Consider The Light Ages, which fairly explicitly hearkens back to the preoccupation of the Victorian realists with the world around them. In MacLeod’s world, industry is at work mining a substance called aether, which is magic; his story unfolds through the life of a poor boy named Robert Borrows, who grows into a revolutionary and brings about a great change in his world. Which is where things diverge from the realists, of course. In fact, it’s where traditional genre plot structures creep in; a couple of significant individuals bring about significant societal change by uncovering the hidden secrets which drive their world. It’s difficult to see how that applies to the world around us.
But on a more profound scale, I think the project of the realists has fallen apart in this book long beforehand. Consider the language of the novel, for example. A number of people (such as John Clute) have praised MacLeod’s writing style and use of language. I don’t particularly see the greatness in it. MacLeod’s style is certainly fine enough, but seems exceptionally modern for a world that is pre-modern in many of its sensibilities. The language doesn’t fit the story, because it doesn’t fit the characters, because it doesn’t fit the mentalities of the characters. The structure of the sentences, the construction of the paragraphs, sound like a modern novel; and, while it is ostensibly a tale told from a perspective following a great change in the world, the character doing the telling grew up in the earlier world.
So that’s a problem: the mentality and structure of MacLeod’s fictional society aren’t really reflected in the language his characters use. Generally, the politics of the novel reflect the same flaw; they’re very simple, and the way MacLeod presents his society is very reductive. There’s right, there’s wrong, and that’s really that. As opposed to either Dickensian grotesques, or to the depiction of rounded characters capable of both good-hearted and cruel actions.

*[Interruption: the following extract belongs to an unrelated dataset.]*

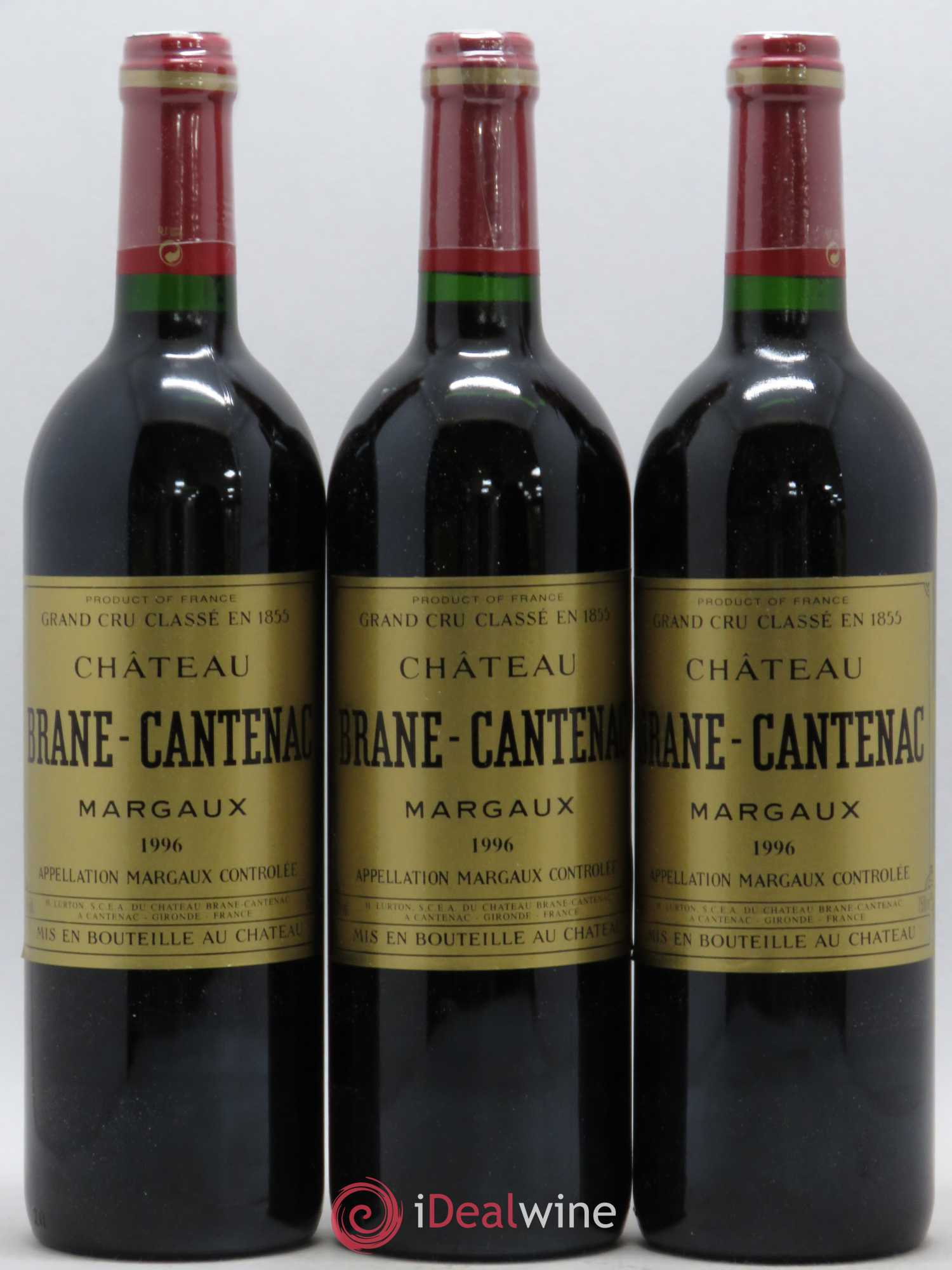 Château Brane Cantenac 2ème Grand Cru Classé 1996 - Lot de 12 bouteilles - 1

If realism is ultimately not the strength of the book, neither is its use of the fantastic. I find MacLeod’s attempt at capturing a sense of wonder fall flat. On the one hand, aether’s described as a magical substance, but rarely seems to provoke any sense of the numinous or create any truly magical effects; on the other, MacLeod’s writing never catches the true magic to be found in the Victorian fantasists like George Macdonald or William Morris. It’s true that the book is about the industrial exploitation of magic, but one would hope revolutionaries opposed to such exploitation would be able to articulate the wonder that’s being so drastically thinned. But that never really happens.
So in the end, the book’s an interesting attempt, with sporadically interesting prose. I can’t say I found it particularly memorable. But I still have hope for seeing something better, both from the steampunk from, and indeed from Macleod as a writer.